# Ever hear of such a thing??



## cc-rider (Jul 29, 2003)

We are less than 10 days away from closing and still can't get a title that doesn't have an "exception" on the policy. There is an old Right-Of-Way for a pipeline that was put on when the property was one big 500 acre parcel. They put in a 5 mile pipeline several miles away, and split the acreage into smaller parcels and sold them. That ROW still shows up on my title search. I can't find a current owner (company is long gone), but the title company says they won't insure that someone can't come back and be able to put a pipeline through our 13 acre woods. We are seriously considering "walking", even though it will cost us thousands that we've already spent for the loan origination fee, earnest money, inspections, appraisals, title search, etc. 

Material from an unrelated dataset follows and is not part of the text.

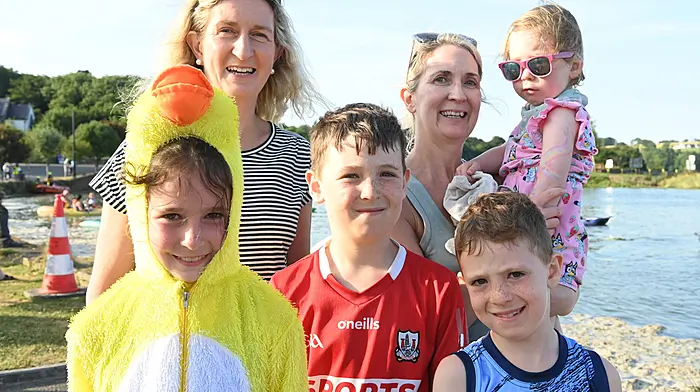 Catherine and Denise Foley (Timoleague) with Alfie, Fiona, Charlie and Annie Locke (Courtmacsherry) enjoying the Timoleague Tidy Towns fundraising duck race.  (Photo: Martin Walsh)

I'm just bummed, bummed, bummed. This was the perfect place for us, too. Nice house with wood-burning furnace, on 13 acres of woods at the top of a hill, and right across from a bike trail. And a decent price. Sigh.


And the realtor, seller, and title agency can't believe that we are upset that we weren't told that this ROW was on the property. They said it's no big deal.


----------



## Darren (May 10, 2002)

You'd never buy property around here. I have no idea how many pipelines cross this place. If I had to guess, I'd say four maybe five. Some are smaller collection lines. One is 16" or 18". One 8" line built in the 1920's runs not far behind the barn.

Personally I wouldn't worry about the old right of way.


----------



## cc-rider (Jul 29, 2003)

Having a pipeline going through my property wouldn't be as big of a deal if it was already there. But since it ISN'T there and they can come in anytime they want and put one in, that's a huge deal. They can cut down a swath through my woods, they can tear up my driveway, they can do anything they want as long as they replace damaged grain crops. Yeah, right. What about 100 year old trees??


----------



## simi-steading (Sep 27, 2012)

Just think of all the firewood they would save you from having to cut.... Some times you gotta look for some good to keep from crying...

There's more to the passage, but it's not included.